Keep only the lines from the start of the data through the line containing "NWT STEVE MADDEN HAYES", and output them exactly.

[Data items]

- Opening Delimiter -

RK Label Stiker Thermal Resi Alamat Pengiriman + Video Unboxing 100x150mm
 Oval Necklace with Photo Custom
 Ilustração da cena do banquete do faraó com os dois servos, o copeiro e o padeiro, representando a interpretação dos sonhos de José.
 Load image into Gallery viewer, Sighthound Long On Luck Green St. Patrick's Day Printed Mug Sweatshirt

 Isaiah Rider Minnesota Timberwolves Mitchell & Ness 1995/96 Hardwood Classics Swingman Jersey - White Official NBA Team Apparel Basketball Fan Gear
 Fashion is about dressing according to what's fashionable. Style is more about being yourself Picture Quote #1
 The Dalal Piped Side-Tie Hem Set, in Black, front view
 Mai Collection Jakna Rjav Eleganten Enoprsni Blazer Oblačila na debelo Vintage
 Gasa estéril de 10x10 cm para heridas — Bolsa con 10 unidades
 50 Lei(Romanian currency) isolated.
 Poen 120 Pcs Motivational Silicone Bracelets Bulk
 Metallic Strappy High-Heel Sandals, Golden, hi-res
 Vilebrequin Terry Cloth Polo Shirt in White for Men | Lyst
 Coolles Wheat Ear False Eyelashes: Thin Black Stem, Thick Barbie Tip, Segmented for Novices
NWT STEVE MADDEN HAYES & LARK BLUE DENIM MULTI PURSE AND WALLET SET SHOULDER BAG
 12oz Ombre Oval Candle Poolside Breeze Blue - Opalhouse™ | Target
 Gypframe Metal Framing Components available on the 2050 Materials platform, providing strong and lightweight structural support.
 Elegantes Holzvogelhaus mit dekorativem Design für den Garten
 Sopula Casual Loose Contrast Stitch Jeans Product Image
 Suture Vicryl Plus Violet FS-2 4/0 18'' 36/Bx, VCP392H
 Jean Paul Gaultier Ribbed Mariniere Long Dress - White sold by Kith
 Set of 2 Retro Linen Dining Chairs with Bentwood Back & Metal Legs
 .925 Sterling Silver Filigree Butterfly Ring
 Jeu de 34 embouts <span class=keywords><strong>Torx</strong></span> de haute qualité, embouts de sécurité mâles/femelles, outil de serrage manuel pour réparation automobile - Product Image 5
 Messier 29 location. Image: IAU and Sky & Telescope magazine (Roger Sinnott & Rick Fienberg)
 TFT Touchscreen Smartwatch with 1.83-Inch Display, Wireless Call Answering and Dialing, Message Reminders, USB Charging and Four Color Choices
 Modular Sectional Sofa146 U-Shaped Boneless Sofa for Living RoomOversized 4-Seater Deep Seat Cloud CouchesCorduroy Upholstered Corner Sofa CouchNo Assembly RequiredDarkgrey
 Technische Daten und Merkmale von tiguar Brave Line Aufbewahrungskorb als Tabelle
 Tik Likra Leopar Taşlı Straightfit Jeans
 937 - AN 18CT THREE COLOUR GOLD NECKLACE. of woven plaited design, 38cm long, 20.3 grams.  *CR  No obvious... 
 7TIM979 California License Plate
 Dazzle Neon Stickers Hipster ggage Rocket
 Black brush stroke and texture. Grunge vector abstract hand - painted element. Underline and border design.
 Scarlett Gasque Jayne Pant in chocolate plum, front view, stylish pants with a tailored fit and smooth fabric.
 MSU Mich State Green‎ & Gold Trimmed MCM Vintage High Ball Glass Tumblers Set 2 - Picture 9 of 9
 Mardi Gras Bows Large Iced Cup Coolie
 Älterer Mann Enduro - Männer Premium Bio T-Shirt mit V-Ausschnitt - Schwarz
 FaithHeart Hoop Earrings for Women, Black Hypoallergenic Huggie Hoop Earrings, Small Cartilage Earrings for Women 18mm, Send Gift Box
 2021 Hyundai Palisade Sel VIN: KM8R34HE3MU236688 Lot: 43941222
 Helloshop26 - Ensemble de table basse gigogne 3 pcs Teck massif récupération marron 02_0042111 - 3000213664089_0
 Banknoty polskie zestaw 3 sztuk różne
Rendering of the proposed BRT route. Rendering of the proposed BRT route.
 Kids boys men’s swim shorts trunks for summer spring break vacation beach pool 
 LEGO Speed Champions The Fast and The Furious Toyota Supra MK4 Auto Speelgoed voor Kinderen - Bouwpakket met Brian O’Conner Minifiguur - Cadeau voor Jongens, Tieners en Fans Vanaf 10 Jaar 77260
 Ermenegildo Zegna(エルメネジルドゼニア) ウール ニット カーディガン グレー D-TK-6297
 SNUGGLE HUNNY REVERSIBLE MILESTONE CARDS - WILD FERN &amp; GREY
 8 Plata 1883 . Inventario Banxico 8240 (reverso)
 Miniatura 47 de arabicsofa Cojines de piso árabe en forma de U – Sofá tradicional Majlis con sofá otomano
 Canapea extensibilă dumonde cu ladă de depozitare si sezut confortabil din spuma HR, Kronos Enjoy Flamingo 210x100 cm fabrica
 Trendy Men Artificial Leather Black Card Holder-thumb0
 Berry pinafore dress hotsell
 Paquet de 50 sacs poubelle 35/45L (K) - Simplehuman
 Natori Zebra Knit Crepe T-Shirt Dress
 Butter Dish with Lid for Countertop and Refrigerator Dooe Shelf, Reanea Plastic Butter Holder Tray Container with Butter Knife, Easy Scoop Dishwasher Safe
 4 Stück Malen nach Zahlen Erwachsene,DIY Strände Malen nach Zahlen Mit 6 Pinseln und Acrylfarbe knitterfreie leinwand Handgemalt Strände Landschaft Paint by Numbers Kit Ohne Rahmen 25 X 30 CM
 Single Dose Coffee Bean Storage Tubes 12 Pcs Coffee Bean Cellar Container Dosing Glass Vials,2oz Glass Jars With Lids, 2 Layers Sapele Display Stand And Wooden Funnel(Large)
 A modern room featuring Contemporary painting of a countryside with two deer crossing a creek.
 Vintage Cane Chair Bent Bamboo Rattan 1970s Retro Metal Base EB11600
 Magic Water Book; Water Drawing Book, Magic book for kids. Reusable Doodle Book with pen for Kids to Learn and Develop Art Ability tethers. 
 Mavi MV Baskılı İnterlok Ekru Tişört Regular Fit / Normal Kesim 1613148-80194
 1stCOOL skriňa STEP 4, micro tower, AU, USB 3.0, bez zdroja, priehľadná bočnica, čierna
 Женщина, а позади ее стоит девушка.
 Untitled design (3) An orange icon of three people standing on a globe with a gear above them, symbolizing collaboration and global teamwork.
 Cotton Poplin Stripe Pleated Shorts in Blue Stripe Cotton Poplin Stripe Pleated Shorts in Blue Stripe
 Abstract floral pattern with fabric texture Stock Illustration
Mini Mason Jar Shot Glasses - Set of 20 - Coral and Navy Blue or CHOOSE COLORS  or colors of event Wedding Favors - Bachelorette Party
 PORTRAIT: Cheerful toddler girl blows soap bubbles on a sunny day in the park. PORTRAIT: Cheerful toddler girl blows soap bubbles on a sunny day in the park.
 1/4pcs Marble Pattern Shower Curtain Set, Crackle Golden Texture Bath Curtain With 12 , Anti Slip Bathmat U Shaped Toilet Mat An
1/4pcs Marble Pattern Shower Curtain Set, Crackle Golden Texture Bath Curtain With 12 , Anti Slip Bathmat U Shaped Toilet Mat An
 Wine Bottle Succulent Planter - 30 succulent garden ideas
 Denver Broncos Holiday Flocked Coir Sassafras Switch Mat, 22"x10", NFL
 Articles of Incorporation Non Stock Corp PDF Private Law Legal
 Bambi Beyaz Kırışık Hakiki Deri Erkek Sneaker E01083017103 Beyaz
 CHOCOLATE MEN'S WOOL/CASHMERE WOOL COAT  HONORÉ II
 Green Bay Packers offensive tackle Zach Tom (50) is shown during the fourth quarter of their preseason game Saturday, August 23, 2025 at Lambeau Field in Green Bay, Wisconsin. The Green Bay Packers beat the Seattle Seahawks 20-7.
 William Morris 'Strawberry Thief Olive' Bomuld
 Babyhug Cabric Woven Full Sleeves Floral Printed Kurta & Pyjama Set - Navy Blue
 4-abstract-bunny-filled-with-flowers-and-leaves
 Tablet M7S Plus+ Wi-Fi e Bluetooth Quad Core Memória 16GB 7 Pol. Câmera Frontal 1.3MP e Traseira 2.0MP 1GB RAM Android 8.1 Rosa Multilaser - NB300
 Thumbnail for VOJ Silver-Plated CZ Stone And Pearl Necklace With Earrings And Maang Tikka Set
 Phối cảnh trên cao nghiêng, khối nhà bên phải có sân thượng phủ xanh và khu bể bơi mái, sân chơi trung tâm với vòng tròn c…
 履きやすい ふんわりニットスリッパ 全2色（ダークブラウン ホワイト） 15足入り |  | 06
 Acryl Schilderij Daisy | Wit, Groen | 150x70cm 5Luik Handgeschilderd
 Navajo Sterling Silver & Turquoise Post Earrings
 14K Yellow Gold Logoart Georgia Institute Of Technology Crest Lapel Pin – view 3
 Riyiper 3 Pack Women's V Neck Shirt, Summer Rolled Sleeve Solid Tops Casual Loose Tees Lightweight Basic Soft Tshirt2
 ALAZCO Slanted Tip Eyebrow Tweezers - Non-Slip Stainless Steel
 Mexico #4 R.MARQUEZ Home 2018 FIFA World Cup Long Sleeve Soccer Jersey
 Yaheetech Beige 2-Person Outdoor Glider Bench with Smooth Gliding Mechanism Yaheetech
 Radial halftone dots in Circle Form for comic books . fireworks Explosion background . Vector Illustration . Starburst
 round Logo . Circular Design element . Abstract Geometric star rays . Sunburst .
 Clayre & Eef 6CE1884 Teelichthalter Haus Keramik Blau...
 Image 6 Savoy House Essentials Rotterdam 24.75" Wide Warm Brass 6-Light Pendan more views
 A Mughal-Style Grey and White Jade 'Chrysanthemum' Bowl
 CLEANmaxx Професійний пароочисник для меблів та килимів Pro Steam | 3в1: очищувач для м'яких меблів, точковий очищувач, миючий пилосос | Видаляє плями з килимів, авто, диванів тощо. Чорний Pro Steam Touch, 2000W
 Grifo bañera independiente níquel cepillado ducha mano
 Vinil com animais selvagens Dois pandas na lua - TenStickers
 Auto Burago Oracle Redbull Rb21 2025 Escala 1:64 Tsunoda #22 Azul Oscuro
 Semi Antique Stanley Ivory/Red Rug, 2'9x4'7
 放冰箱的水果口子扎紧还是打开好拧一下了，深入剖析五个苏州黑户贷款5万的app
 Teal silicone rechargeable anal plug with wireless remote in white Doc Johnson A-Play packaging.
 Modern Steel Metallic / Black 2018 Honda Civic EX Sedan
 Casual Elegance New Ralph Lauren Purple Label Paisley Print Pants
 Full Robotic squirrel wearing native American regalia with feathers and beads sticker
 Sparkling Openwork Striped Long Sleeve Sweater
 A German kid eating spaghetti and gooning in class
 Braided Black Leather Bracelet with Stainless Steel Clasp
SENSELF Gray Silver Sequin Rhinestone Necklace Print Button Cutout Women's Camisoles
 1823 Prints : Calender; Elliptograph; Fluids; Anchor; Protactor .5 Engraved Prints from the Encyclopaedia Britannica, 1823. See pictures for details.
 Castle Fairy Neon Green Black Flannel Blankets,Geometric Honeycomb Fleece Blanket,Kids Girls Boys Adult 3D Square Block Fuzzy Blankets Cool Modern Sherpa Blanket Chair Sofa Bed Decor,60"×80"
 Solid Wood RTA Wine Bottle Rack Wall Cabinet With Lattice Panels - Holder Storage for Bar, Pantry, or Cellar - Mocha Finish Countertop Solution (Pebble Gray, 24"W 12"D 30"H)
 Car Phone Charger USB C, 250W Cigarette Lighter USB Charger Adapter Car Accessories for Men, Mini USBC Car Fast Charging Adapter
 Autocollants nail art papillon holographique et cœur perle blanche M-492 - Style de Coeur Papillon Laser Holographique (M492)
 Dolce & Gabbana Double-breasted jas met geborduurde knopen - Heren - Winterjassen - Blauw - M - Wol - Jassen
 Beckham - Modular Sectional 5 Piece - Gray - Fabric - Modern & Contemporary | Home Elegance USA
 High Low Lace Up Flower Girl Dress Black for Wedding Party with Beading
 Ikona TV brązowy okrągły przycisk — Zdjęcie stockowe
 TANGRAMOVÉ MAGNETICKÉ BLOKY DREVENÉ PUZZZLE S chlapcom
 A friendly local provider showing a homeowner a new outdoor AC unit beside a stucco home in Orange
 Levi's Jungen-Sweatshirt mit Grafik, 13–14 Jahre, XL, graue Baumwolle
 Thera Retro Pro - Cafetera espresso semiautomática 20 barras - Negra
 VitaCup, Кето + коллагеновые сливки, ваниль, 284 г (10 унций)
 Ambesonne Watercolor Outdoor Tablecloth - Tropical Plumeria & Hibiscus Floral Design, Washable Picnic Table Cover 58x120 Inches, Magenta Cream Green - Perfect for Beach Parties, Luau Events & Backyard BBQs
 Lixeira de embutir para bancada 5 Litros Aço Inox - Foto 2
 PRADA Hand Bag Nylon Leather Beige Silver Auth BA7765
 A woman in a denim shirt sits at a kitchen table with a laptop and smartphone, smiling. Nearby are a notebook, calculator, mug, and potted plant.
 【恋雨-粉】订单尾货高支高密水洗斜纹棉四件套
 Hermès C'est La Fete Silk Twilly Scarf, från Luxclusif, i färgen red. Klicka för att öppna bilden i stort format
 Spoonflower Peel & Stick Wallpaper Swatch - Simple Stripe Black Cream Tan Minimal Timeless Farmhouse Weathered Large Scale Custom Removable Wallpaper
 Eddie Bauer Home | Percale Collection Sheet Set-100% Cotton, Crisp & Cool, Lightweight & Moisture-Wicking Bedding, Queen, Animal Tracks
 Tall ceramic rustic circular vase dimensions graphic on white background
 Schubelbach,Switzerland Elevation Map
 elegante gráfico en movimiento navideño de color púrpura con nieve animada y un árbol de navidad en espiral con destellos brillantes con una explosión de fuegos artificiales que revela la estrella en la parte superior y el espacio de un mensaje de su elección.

- Closing Delimiter -

RESPONSE TO THIS TASK
RK Label Stiker Thermal Resi Alamat Pengiriman + Video Unboxing 100x150mm
 Oval Necklace with Photo Custom
 Ilustração da cena do banquete do faraó com os dois servos, o copeiro e o padeiro, representando a interpretação dos sonhos de José.
 Load image into Gallery viewer, Sighthound Long On Luck Green St. Patrick's Day Printed Mug Sweatshirt

 Isaiah Rider Minnesota Timberwolves Mitchell & Ness 1995/96 Hardwood Classics Swingman Jersey - White Official NBA Team Apparel Basketball Fan Gear
 Fashion is about dressing according to what's fashionable. Style is more about being yourself Picture Quote #1
 The Dalal Piped Side-Tie Hem Set, in Black, front view
 Mai Collection Jakna Rjav Eleganten Enoprsni Blazer Oblačila na debelo Vintage
 Gasa estéril de 10x10 cm para heridas — Bolsa con 10 unidades
 50 Lei(Romanian currency) isolated.
 Poen 120 Pcs Motivational Silicone Bracelets Bulk
 Metallic Strappy High-Heel Sandals, Golden, hi-res
 Vilebrequin Terry Cloth Polo Shirt in White for Men | Lyst
 Coolles Wheat Ear False Eyelashes: Thin Black Stem, Thick Barbie Tip, Segmented for Novices
NWT STEVE MADDEN HAYES & LARK BLUE DENIM MULTI PURSE AND WALLET SET SHOULDER BAG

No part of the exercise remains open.